Reward-Consistent Dynamics Models are Strongly Generalizable for Offline Reinforcement Learning

📝 Paper Summary

Offline Reinforcement Learning Model-Based Reinforcement Learning (MBRL)

MOREC improves offline model-based RL by learning a reward function that identifies high-fidelity transitions, using it to filter out erroneous model rollouts during policy learning.

Core Problem

Learned dynamics models in offline RL struggle to generalize to unseen transitions (out-of-distribution errors) because they are trained via supervised learning on limited historical data.

Why it matters:

Model errors in out-of-distribution regions are often exploited by policy optimization, leading to poor real-world performance
Existing conservative methods limit policy exploration or pessimistically penalize the model, which restricts the potential performance gains from model-based approaches
Current methods fail to distinguish between accurate and inaccurate model predictions when generating long-horizon rollouts

Concrete Example: In a refrigerator temperature control task, a dynamics model trained on a specific behavior policy accurately predicts temperatures for that policy but fails when a new test policy visits unseen states.
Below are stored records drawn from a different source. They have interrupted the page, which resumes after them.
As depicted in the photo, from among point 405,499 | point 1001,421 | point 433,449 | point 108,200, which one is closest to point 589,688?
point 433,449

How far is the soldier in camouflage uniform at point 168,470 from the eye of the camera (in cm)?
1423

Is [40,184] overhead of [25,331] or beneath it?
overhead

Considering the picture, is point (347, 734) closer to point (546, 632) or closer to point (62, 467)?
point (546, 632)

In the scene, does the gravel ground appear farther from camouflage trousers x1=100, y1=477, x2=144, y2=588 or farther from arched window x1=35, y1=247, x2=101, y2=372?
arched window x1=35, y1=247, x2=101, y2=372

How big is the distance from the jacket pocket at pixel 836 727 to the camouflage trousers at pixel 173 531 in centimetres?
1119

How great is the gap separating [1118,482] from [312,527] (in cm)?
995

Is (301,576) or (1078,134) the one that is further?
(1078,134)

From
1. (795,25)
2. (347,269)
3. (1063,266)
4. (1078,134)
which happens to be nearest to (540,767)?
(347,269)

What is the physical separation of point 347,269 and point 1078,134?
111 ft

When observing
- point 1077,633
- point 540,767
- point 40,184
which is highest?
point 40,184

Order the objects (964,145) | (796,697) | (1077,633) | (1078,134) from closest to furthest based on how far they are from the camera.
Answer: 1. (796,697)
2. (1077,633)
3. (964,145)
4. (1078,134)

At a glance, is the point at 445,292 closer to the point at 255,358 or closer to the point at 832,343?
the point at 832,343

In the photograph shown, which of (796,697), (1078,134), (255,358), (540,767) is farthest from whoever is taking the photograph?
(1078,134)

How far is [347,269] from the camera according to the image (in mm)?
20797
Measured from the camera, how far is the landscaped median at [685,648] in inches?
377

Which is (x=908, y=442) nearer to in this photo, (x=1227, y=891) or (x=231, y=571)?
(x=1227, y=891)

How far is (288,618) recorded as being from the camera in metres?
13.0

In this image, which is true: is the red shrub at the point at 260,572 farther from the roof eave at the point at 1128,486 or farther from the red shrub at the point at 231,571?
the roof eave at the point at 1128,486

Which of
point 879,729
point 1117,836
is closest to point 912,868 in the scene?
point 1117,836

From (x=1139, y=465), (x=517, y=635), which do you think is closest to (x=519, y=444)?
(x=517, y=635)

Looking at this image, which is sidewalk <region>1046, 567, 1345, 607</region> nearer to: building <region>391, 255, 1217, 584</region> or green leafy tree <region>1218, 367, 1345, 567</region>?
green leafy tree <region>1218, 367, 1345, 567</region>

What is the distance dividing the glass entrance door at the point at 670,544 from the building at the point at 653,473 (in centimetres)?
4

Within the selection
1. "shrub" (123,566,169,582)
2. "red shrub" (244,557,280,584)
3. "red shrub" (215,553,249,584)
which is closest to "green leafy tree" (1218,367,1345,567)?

Without MOREC, the model generates erroneous temperature predictions that diverge from reality, causing the policy to fail.

Key Novelty

Model-based Offline Reinforcement learning with Reward Consistency (MOREC)

Conceptualizes the environment dynamics as an agent maximizing a hidden 'dynamics reward' (consistency signal), which can be recovered via Inverse Reinforcement Learning (IRL)
Uses this learned dynamics reward to filter transitions during model rollouts: instead of accepting any predicted next state, the system samples multiple candidates and selects the one with the highest dynamics reward
Integrates seamlessly into existing model-based algorithms (like MOPO or MOBILE) by simply replacing the standard rollout mechanism with this reward-consistent filtering

Architecture

The MOREC framework pipeline compared to standard offline MBRL.

Evaluation Highlights

Outperforms prior SOTA methods on 18 out of 21 tasks across D4RL and NeoRL benchmarks
+25.9% average performance improvement over previous SOTA (MOBILE) on the challenging NeoRL benchmark
First method to solve 3 tasks in the NeoRL benchmark (normalized score > 95), whereas previous methods solved 0

Breakthrough Assessment

8/10

Significant performance jumps on difficult benchmarks (NeoRL) and a novel conceptual framing of dynamics consistency as an IRL problem make this a strong contribution.

⚙️ Technical Details

Problem Definition

Setting: Offline Model-Based Reinforcement Learning (MBRL) using a static dataset D of transitions

Inputs: Offline dataset D = {(s, a, r_task, s')}

Outputs: Optimized policy π that maximizes expected cumulative task reward

Pipeline Flow

Dynamics Reward Learning (IRL)
Dynamics Model Learning (Supervised)
Policy Optimization with Transition Filtering

System Modules

Dynamics Reward Learner

Learn a discriminator to distinguish true transitions from model-generated ones

Model or implementation: Ensemble of Discriminators

Dynamics Model Ensemble

Predict next states given state-action pairs

Model or implementation: Probabilistic Neural Network Ensemble

Transition Filter (Rollout)

Select high-fidelity transitions during policy rollout

Model or implementation: Softmax selection based on Dynamics Reward

Novel Architectural Elements

Reward-Consistent Transition Filtering: A sampling mechanism that uses an IRL-learned reward to select the most realistic transition from a batch of model predictions
Dynamics Reward function learned via Discriminator Ensemble: Treating the environment dynamics as an expert policy to be imitated

Modeling

Base Model: Ensemble of probabilistic neural networks (Gaussian MLP)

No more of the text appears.